PLACE PUBLIQUE > Comment mieux protéger les gens en tenant compte de la mondialisation?

GABY BONNAND >
Si on veut se protéger, il faut élargir la protection des autres. Ce n’est pas en se repliant sur nousmêmes que nous allons nous protéger. On ne pourra pas empêcher les Chinois ou les Indiens de vouloir construire ce qu’ils consomment. Il faut donc lutter pour une gouvernance mondiale mais ça prendra du temps. Il est plus facile de construire une multinationale que la démocratie à l’échelle du monde. Je ne minimise pas le monde apaisé dans lequel, personnellement, j’ai vécu: la question est de savoir comment pérenniser ce monde apaisé sans forcément reconduire les mêmes formes d’organisation.

PLACE PUBLIQUE > L’ancien métallo aime les débats intellectuels du moment…

GABY BONNAND >
Je participe à quelques cercles de réflexion qui se situent dans le mouvement réformiste. Je suis membre de Terra Nova. J’aime bien rencontrer des gens ayant écrit des choses qui me passionnent, échanger avec Bruno Palier, Thomas Piketty, Robert Castel, tous ceux qui me permettent d’éclairer ma pratique. J’ai besoin de ça, ça me nourrit, j’ai besoin de lire. On m’a dit à l’école que je n’étais pas très bon, ça m’a marqué…

PLACE PUBLIQUE > Une façon de relier le peuple à l’élite?

GABY BONNAND >
L’originalité du mouvement syndical en France, c’est que les dirigeants sont issus d’un parcours militant. Ils ne sortent pas des grandes écoles comme on le voit ailleurs, y compris dans de grandes associations. À la commission exécutive de la CFDT, il n’y a pas d’énarque; en se formant tout au long de son parcours, chacun a pu s’approprier les questions de société. En ce sens, le syndicalisme est la forme d’organisation la plus démocratique. Mais lui non plus n’est pas à l’abri d’une coupure avec la vie réelle. J’ai toujours eu besoin, pour me nourrir, de me déplacer, d’aller rencontrer les gens, dans les équipes syndicales mais aussi au-delà du cercle des adhérents.

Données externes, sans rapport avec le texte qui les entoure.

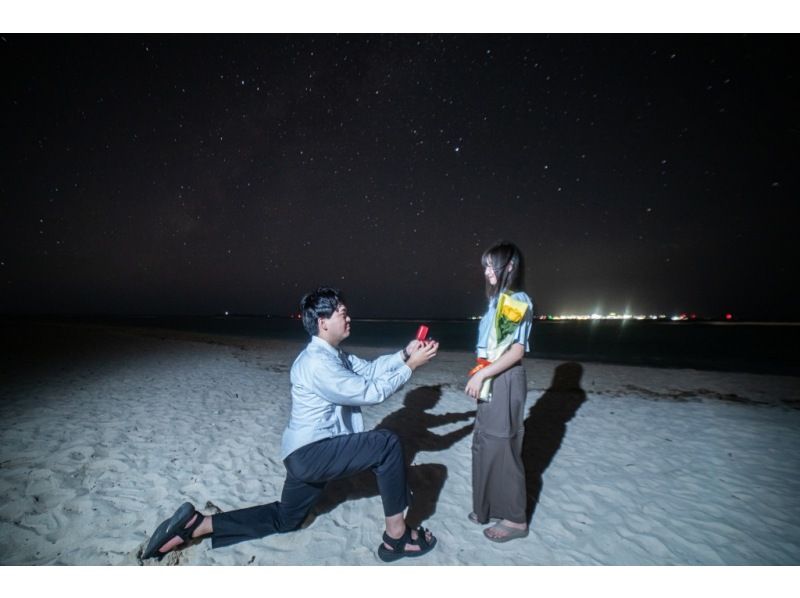 ＜Okinawa, Kouri Island＞ Starry sky photo and space walk in Kouri Island. Each participant will have their photo taken with the stars in the background. It's a great surprise for families, couples, and friends.の紹介画像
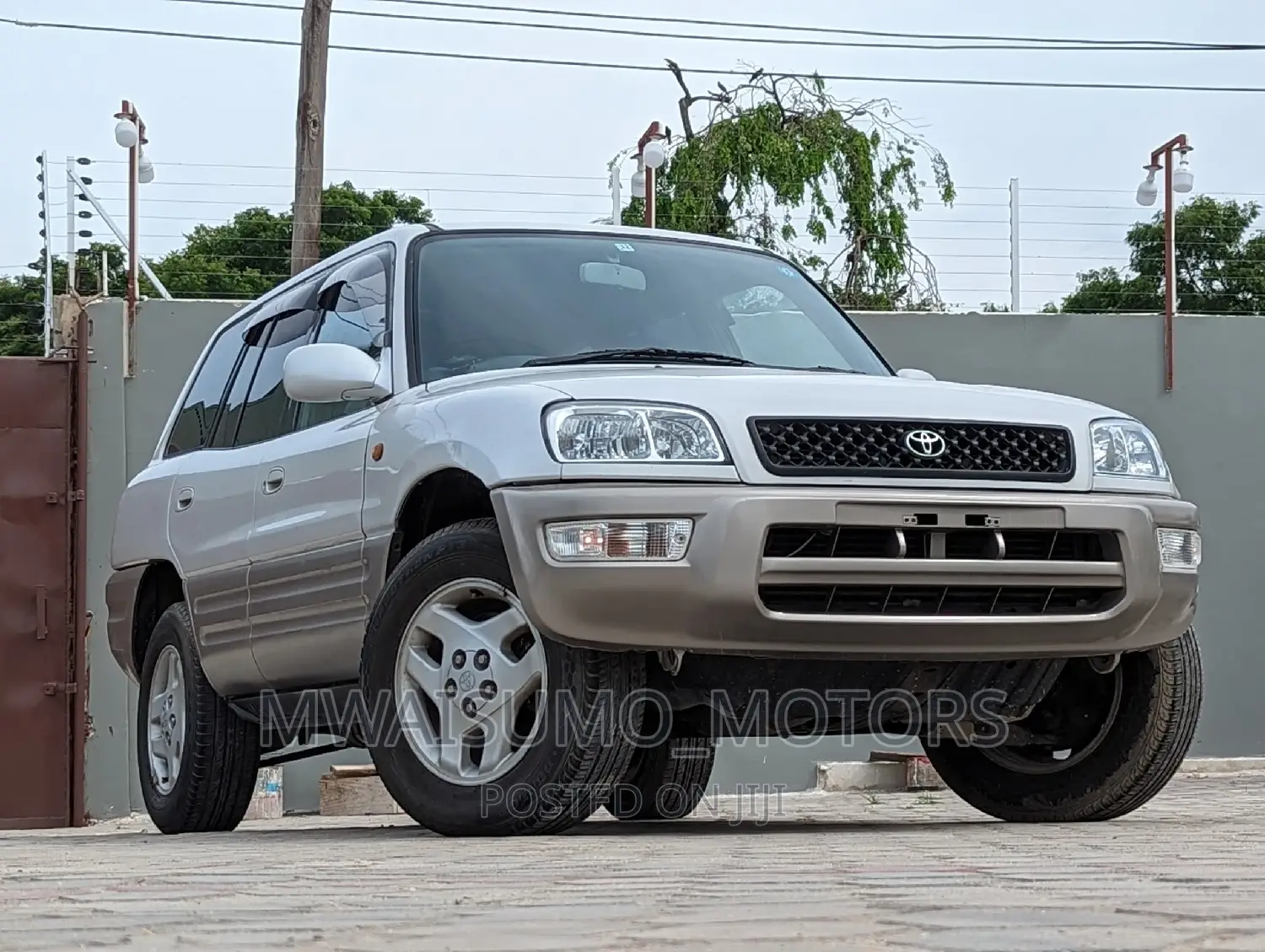 Toyota RAV4 1999 Beige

PLACE PUBLIQUE > Comment le syndicalisme doit-il évoluer ?

GABY BONNAND >
Il ne faut pas rester prisonnier de l’histoire. À une époque, par exemple, où la CGT était verrouillée par le PC et où les socialistes de la SFIO frayaient avec FO, la CFDT a revendiqué l’autonomie: elle a ainsi renoué avec la négociation et retrouvé l’efficacité. Par la suite, la chute du Mur de Berlin a permis à la CGT de couper le cordon ombilical. Avec Bernard Thibault notamment, elle a renouvelé son discours et ses pratiques. L’erreur de la CFDT aurait été de regarder la CGT comme elle était avant. L’accord CFDT-CGT sur la représentativité est capital pour l’avenir. De même qu’on ne peut pas lutter pour que l’individu s’émancipe et lui reprocher après d’être individualiste, de même on ne s’est pas battu pour que le syndicalisme devienne plus indépendant, plus négociateur, et reprocher maintenant à la CGT de venir sur notre terrain. Demain, le syndicalisme sera peut-être différent d’aujourd’hui et, à la limite, peu importe si dans 30 ans il n’y a plus de CFDT ni de CGT. On peut être très corporatiste en disant qu’on est solidaire. Ce qui importe, c’est notre capacité à donner des outils pour notre démocratie. Il ne faut pas être prisonnier des institutions qu’on a créées. C’est vrai pour les partis politiques, vrai pour les syndicats, vrai pour notre protection sociale. Il faut revenir aux valeurs qui ont fondé leur création.